*** Opening of Supplied information ***

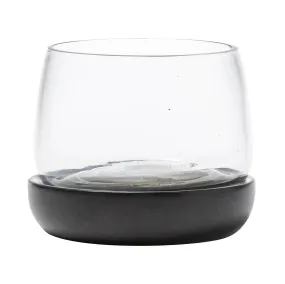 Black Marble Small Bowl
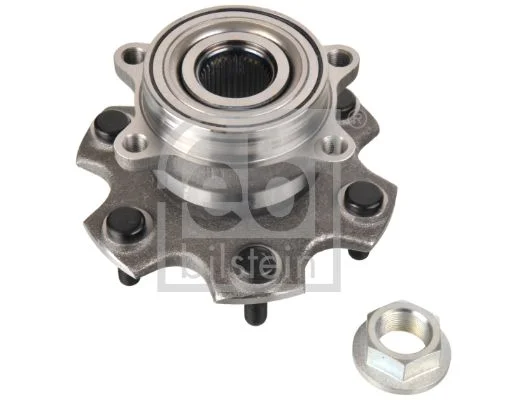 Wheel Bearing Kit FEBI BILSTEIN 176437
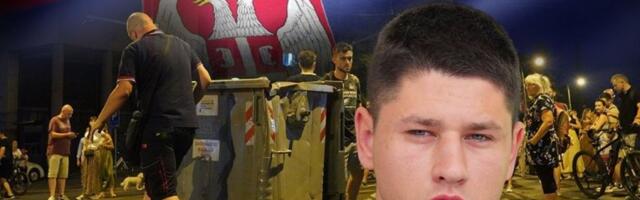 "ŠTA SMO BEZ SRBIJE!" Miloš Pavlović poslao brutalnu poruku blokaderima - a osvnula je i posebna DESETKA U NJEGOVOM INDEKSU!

*** Close of Supplied information ***

§ Work instructions:
With images omitted, retype the data word for word.

§ Solution to this problem:
 Black Marble Small Bowl
 Wheel Bearing Kit FEBI BILSTEIN 176437
 "ŠTA SMO BEZ SRBIJE!" Miloš Pavlović poslao brutalnu poruku blokaderima - a osvnula je i posebna DESETKA U NJEGOVOM INDEKSU!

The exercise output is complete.